Chronique | Perturbator - The Uncanny Valley

Pierre Sopor 16 mai 2016

Difficile de passer à côté de la mode synthwave des dernières années, qui apporte un vent de fraîcheur aux musiques électroniques en faisant du neuf avec du vieux. Il suffit de faire ses courses à Franprix pour se cogner du KAVINSKY, et les bandes-son de films "à la Drive" pullulent depuis cinq ans. Il faut dire que les années 80, ça fait rêver. Tout y était tellement mieux : les films d'horreur, la musique, les jeux vidéos, les fringues aux couleurs pas possibles, les coiffures... Ou en tout cas, ça semble être l'avis de toute une génération vivant dans le fantasme nostalgique d'une décennie que tous n'ont pas forcément connue plus que ça. Mais limiter la synthwave au succès de la mièvre Nightcall serait bien sûr réducteur, car il existe une branche plus dure de projets qui ont réussi à dérider même les plus purs des métalleux.

Ces derniers, attirés par les pentacles roses des pochettes très séries B sont venus remuer leurs popotins aux sons de PERTURBATOR, CARPENTER BRUT, DAN TERMINUS ou MEGA DRIVE. The Uncanny Valley est le nouvel album du maître français PERTURBATOR, et succède à Dangerous Days dont on retrouve inévitablement plusieurs ingrédients. La boîte à rythmes et les nappes de synthés sont reconnaissables entre mille dès les premières secondes de Neo Tokyo, mais on est surpris par l'agressivité de ce début d'album. Ça pulse sauvagement, et l'alchimie entre les ambiances à la John Carpenter et les rythmiques sorties d'un jeu de baston en 8 bits fonctionne à merveille. Le son a gagné en profondeur et en richesse depuis Dangerous Days, et les différents featurings sur les passages plus ambiants et mélancoliques (Femme Fatale, Sentient) permettent de souffler entre deux titres plus frénétiques (la très speed She Moves Like A Knife, ou les super lourdes Diabolus Ex Machina et The Cult of 2112 et ses choeurs absolument déments). PERTURBATOR frappe très fort avec The Uncanny Valley, dont le son rétro-futuriste saisit l'essence même de ces 80's idéalisées, avec ses ambiances inquiétantes et ses rythmes groovy. On imagine facilement un héros badass mal rasé, un bandeau sur le front (ou l'oeil), rouler très vite en décapotable dans les ruines d'une métropole futuriste (genre ça pourrait se passer en 1997, un futur lointain quoi) et castagner des punks adorateurs de Satan et de vilains aliens manipulateurs. Le tout sans images de synthèse, faut pas déconner : on fait de la musique électronique mais on vénère l'analogique hein !

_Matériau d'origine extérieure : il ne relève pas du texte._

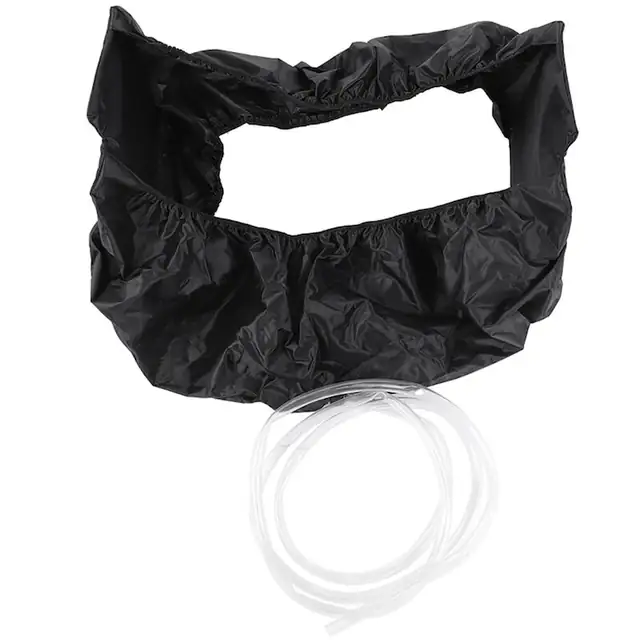 Sac de curatare impermeabil pentru aer conditionat, elasticitate ridicata, rezistent la murdarie si abraziune, negru, 290cm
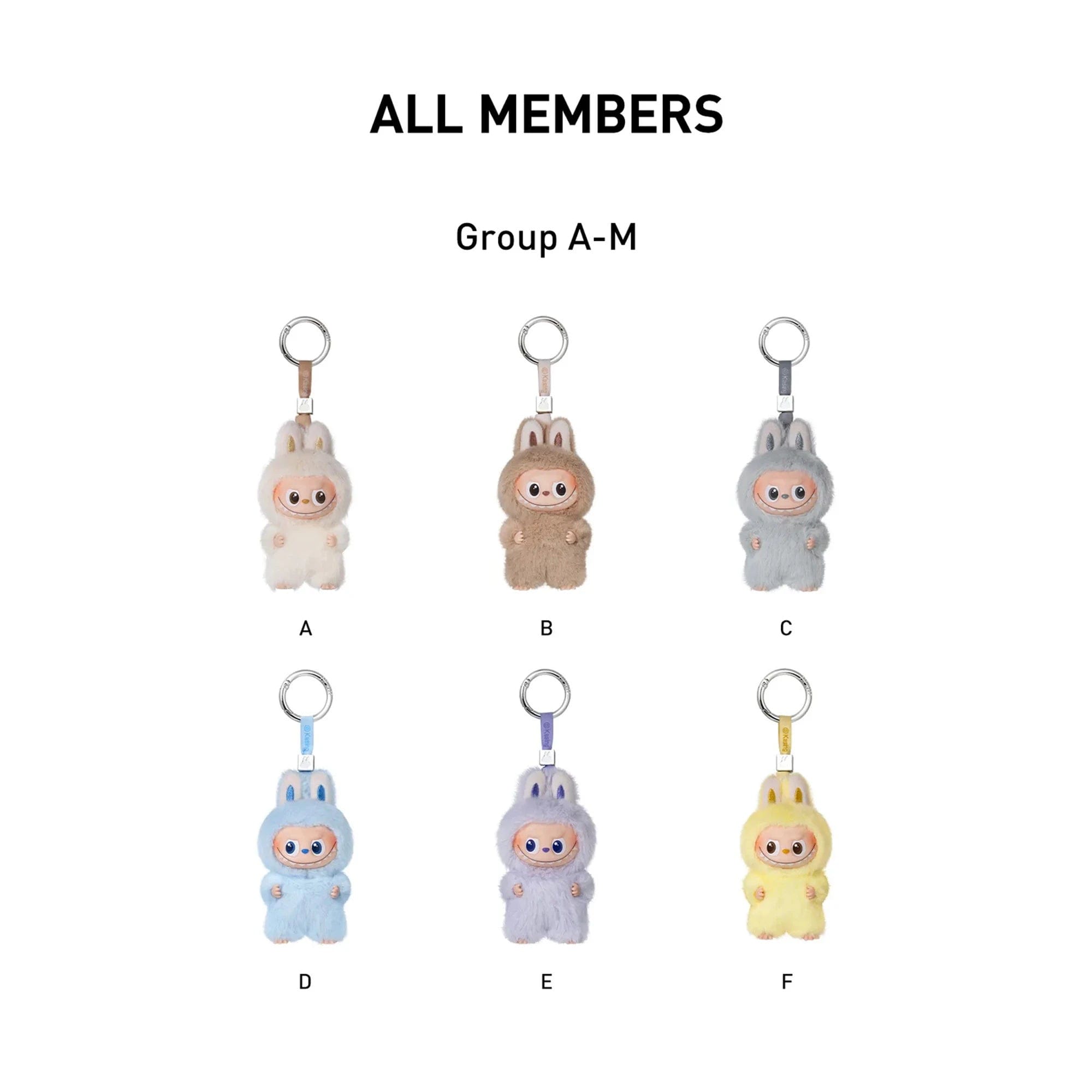 POP MART THE MONSTERS PIN FOR LOVE SERIES Vinyl Plush Pendant E (Single Blind Box)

Une des forces de James Kent, l'homme derrière le projet, est peut-être de donner sa version, ce que lui a retenu des eighties, son fantasme au lieu d'un réel revival. Car le son de PERTURBATOR, malgré ses nappes de synthés, est résolument moderne et ne patauge pas dans une nostalgie rétrograde, ni dans une pose facile de type "c'était mieux avant".

PERTURBATOR se sert du passé pour en créer une version alternative, personnelle, sincère et tournée vers le futur. Si c'est pas du rétro-futurisme, ça ! Bref, The Uncanny Valley tabasse. Sans se trahir, PERTURBATOR a gagné en épaisseur, en variété, en puissance et en agressivité. Bref, la hype n'est pas prête de se calmer... Et c'est tant mieux, car même avec la plus grande mauvaise foi du monde il est impossible de bouder un album comme celui-là !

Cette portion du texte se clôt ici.